The addictive thinking - things will be different the next time they use.
Addicts spend their addictive lives chasing the butterfly of euphoria, unable to accept at depth they have lost control.
Alcoholics Anonymous' First Step is admitting "I am powerless over alcohol (drug) and my life has become unmanageable."
Addicts find it difficult to believe they are powerless to the addiction.
Recovery from addiction for most is finding power outside of one's self to stay clean and sober.
The best rational thinking (or self-knowledge), even by the smartest of people, is rarely sufficient to effect a recovery.
Few egos will admit powerlessness and loss of control.
The addict will spend most of their life believing that someway, somehow they will regain power and control.

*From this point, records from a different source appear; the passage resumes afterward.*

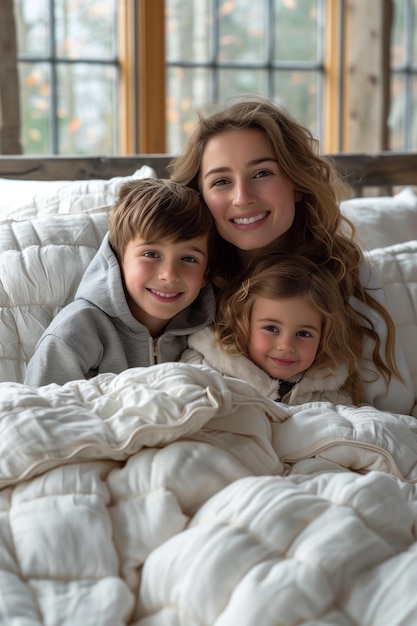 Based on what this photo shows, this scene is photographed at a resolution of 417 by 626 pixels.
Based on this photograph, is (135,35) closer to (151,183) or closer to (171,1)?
(171,1)

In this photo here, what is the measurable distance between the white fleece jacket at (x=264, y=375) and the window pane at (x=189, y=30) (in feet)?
6.44

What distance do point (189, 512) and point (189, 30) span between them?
8.52 ft

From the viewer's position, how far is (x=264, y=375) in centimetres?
156

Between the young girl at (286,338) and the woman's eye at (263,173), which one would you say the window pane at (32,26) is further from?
the young girl at (286,338)

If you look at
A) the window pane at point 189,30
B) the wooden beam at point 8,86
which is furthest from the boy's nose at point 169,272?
the window pane at point 189,30

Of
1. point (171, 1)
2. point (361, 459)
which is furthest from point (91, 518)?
point (171, 1)

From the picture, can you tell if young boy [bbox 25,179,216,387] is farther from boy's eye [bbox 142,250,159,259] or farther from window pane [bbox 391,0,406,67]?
window pane [bbox 391,0,406,67]

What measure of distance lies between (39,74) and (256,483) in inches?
94.1

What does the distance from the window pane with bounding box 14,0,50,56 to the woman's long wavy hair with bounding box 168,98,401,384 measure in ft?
4.95

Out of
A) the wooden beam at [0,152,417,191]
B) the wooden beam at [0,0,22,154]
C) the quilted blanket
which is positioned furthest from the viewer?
the wooden beam at [0,0,22,154]

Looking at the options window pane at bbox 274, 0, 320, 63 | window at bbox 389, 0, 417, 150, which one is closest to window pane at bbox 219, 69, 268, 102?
window pane at bbox 274, 0, 320, 63

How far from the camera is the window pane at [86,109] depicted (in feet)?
10.2

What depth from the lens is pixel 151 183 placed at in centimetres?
159

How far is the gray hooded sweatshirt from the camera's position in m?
1.48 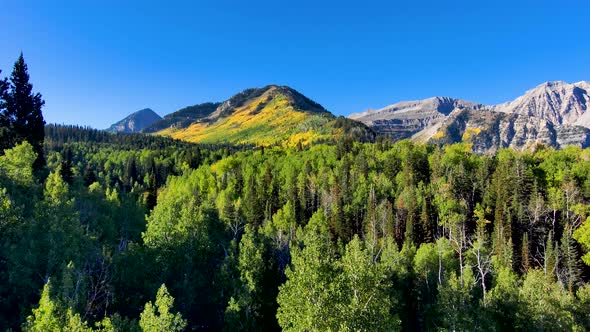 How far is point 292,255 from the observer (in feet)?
134

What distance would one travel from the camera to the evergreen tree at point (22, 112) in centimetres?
5584

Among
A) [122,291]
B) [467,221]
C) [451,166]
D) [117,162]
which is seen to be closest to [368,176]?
[451,166]

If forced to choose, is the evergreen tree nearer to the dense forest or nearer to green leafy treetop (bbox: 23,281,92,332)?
the dense forest

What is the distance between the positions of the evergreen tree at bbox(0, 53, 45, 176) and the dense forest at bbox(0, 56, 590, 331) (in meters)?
0.16

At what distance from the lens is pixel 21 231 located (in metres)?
36.0

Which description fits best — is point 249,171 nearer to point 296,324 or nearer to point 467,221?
point 467,221

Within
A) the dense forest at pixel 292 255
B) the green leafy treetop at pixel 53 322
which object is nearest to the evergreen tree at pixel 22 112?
the dense forest at pixel 292 255

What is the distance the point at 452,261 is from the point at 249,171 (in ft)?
301

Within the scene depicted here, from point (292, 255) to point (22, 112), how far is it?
47704 mm

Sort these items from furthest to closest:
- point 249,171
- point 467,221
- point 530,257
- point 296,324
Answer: point 249,171 < point 467,221 < point 530,257 < point 296,324

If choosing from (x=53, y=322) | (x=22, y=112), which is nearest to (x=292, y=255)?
(x=53, y=322)

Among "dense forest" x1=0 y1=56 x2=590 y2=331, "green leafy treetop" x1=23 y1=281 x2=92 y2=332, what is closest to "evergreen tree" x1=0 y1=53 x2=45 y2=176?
"dense forest" x1=0 y1=56 x2=590 y2=331

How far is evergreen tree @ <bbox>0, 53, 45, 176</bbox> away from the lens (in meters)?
55.8

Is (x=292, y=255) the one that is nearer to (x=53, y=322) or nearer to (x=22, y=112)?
(x=53, y=322) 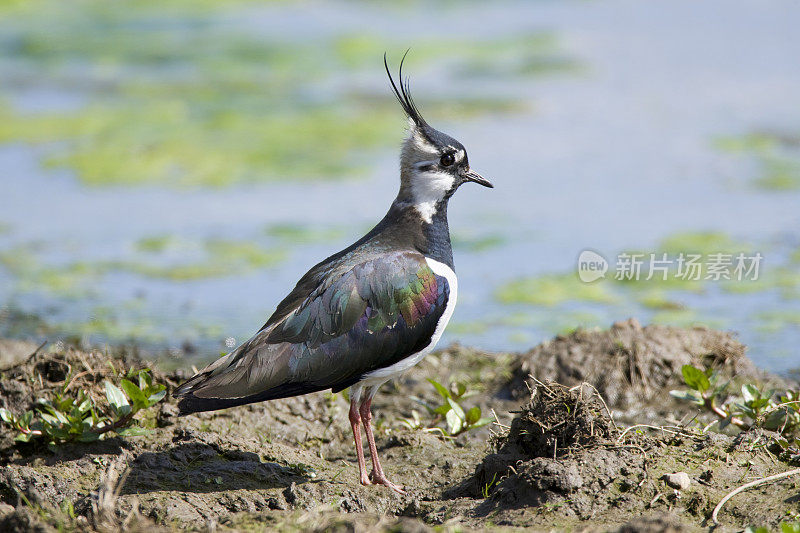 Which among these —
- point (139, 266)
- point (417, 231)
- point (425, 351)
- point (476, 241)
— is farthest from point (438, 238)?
point (139, 266)

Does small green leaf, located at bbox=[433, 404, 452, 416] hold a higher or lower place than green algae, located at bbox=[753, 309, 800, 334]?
lower

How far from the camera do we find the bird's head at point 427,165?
5219mm

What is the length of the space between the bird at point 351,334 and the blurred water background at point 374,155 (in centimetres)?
229

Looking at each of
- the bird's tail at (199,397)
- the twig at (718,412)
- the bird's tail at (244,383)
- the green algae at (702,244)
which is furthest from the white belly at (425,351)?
the green algae at (702,244)

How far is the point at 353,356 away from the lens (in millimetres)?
4574

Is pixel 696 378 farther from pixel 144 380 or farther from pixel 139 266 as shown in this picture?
pixel 139 266

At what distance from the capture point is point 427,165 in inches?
207

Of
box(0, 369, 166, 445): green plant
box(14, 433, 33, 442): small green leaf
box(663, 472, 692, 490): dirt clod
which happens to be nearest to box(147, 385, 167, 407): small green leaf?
box(0, 369, 166, 445): green plant

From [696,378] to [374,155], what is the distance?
6.41 metres

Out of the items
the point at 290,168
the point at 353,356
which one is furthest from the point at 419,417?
the point at 290,168

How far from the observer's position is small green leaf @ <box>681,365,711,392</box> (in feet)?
15.9

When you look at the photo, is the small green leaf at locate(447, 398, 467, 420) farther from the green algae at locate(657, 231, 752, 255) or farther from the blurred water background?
the green algae at locate(657, 231, 752, 255)

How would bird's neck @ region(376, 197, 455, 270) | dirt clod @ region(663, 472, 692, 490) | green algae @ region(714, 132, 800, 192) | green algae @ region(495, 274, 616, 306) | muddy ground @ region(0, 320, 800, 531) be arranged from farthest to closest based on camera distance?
green algae @ region(714, 132, 800, 192) < green algae @ region(495, 274, 616, 306) < bird's neck @ region(376, 197, 455, 270) < dirt clod @ region(663, 472, 692, 490) < muddy ground @ region(0, 320, 800, 531)

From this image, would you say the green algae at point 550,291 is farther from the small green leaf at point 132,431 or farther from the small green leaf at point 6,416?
the small green leaf at point 6,416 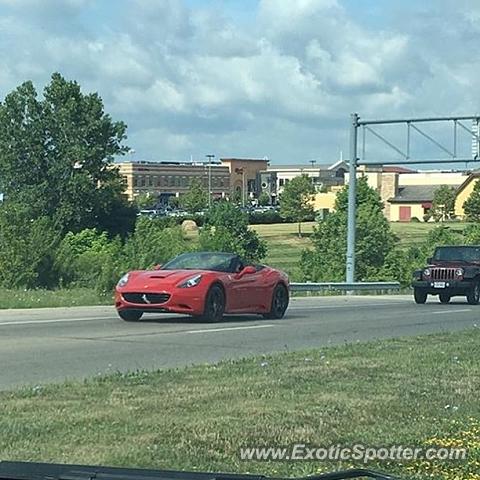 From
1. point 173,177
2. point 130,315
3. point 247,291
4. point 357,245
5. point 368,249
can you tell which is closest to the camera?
point 130,315

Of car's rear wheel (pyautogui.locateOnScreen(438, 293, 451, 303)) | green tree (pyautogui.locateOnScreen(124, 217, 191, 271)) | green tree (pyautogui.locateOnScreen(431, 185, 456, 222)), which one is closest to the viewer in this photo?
car's rear wheel (pyautogui.locateOnScreen(438, 293, 451, 303))

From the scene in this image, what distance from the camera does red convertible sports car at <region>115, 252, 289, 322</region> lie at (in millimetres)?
18609

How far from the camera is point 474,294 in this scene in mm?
29703

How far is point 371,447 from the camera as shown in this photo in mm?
7430

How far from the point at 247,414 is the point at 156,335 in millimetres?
8232

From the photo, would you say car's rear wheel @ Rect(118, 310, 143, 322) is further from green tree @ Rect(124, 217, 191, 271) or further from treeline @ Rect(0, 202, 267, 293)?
green tree @ Rect(124, 217, 191, 271)

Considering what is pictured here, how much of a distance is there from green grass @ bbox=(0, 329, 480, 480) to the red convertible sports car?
6240 millimetres

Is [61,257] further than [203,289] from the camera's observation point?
Yes

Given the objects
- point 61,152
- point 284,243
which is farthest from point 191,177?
point 61,152

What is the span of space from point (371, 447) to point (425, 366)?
471 centimetres

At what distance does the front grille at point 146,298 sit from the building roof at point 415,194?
418ft

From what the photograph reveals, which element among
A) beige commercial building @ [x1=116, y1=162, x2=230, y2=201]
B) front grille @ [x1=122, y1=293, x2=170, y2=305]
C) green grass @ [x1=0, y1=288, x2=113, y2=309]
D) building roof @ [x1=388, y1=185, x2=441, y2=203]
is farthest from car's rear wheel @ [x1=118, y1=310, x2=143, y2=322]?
beige commercial building @ [x1=116, y1=162, x2=230, y2=201]

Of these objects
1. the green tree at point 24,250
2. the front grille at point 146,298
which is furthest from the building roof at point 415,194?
the front grille at point 146,298

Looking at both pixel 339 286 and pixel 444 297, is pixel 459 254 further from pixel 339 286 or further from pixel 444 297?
pixel 339 286
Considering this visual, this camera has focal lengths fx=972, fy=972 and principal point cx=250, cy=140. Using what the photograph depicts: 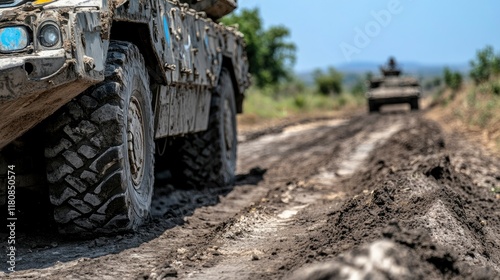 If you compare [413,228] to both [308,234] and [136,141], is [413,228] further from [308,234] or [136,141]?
[136,141]

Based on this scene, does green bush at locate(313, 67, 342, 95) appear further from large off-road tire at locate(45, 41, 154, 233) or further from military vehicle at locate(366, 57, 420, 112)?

Addiction dearly loves the addict to stay in that battle.
Alcoholics Anonymous offers those in recovery some promises:
If we are painstaking about this phase of our development, we will be amazed before we are half way through.
We are going to know a new freedom and a new happiness.
We will not regret the past nor wish to shut the door on it.
We will comprehend the word serenity and we will know peace.
No matter how far down the scale we have gone, we will see how our experience can benefit others.
That feeling of uselessness and self pity will disappear.
We will lose interest in selfish things and gain interest in our fellows.
Self-seeking will slip away.
Our whole attitude and outlook upon life will change.
Fear of people and of economic insecurity will leave us.
We will intuitively know how to handle situations which used to baffle us.
We will suddenly realize that God is doing for us what we could not do for ourselves.
Are these extravagant promises?
We think not.
They are being fulfilled among us, sometimes quickly, sometimes slowly. They will always materialize if we work for them.
West Virginia has an addiction epidemic, killing many young, each week.